Monday, Dec. 23, 1935

"Words of God"

Surprisingly last week the Ethiopian censor with His Majesty at Dessye passed a dispatch reading, "If Il Duce wished to instill fear into the hearts of these ignorant natives he has certainly succeeded."

At Addis Ababa the receipt by a U. S. cameraman of a jocular cablegram from his home office, "Presume Addis next; suggest you pick out shelter now," leaked out to cause virtual panic as thousands of natives grabbed their rifles and bolted pell-mell out of the Capital, thinking it was about to be bombed.

Nearest Italian bombs of the week thundered in the countryside a good 100 miles from Addis Ababa, but native morale was at lowest ebb thus far. The Most Reverend Kyrillos, Abuna of Ethiopia's Coptic Christian Church, hailed the peace deal proposed by Britain & France as "Words of God." To the Abuna the great feature of The Deal was one scarcely noticed out-side Ethiopia but showing the grasp of native mentality applied by Mr. Maurice Drummond Peterson, technical expert of Britain's Foreign Office, in concocting The Deal. It provides that Italy must evacuate, surrender and restore to Ethiopia her Holy City of Aksum. "Praise be to God!" cried the Abuna. "Let the Holy Spirit descend upon these conditions.

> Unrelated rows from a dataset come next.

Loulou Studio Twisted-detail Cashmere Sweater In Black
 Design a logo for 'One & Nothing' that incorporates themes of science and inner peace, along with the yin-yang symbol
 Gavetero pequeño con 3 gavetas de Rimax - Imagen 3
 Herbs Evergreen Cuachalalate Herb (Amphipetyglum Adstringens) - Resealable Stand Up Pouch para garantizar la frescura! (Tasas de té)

These are Words of God!"

Less ecclesiastic Ethiopian leaders in Addis Ababa shouted that any acceptance of The Deal would cost the Emperor his

Throne, and at Dessye meanwhile His Majesty was the guest of Nebraska, California and Ohio Seventh Day Adventists who are firmly resolved that Ethiopia shall not yield. With their little organ pealing Rock of Ages, followed by What A Friend We Have In Jesus, the Emperor displayed unwavering courage, flayed The Deal to correspondents, and assented when his Acting Secretary of State, Mr. Everett Andrew Colson, a native of Warren, Me., advised from Addis Ababa that Ethiopia should not take upon herself the onus of rejecting the Franco-British proposal but should pass the buck to the League of Nations.

Military operations came to a virtual standstill and Addis Ababa buzzed with rumors that the local British and French diplomats were trying to arrange with Yankee Colson some sort of "Christmas Truce."

The leading U. S. Red Cross physician in Ethiopia, Dr. Robert William Hockman, who has made a persistent hobby of investigating dud Italian air bombs, buried a 970-pounder with the remark, "It's got my name on it, for after the war." Investigating what he took to be another dud at Daggah Bur last week, he was blown to atoms.